Segment Start: Input data

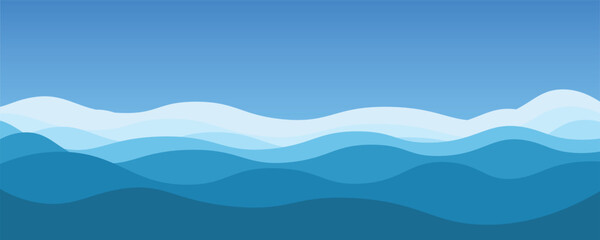 Blue ocean or sea waves. Realistic vector ocean waves and sky with clouds on wide background. Abstract blue sea waves. Vector illustration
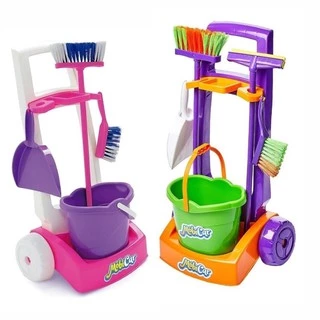 Kit Limpeza Infantil Vassoura Rodo Pá Balde Mobi Car - Usual
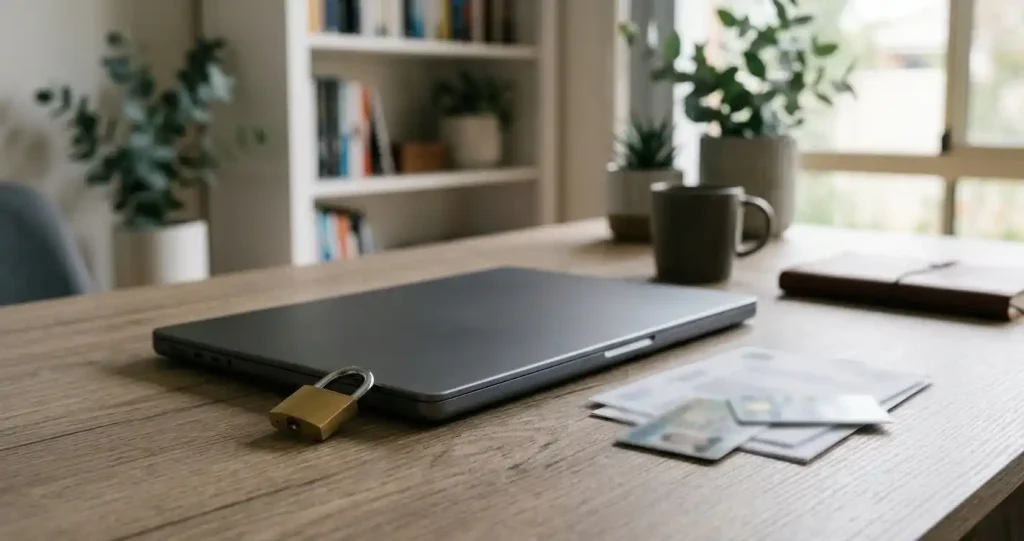 A closed laptop with a small padlock beside blurred document silhouettes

Segment End: Input data

• Exercise details: Beginning with the line that contains "Kit Limpeza Infantil", output each line of the material above through the last one exactly as it stands. Do not include the pictures.

• Response area:
 Kit Limpeza Infantil Vassoura Rodo Pá Balde Mobi Car - Usual
 A closed laptop with a small padlock beside blurred document silhouettes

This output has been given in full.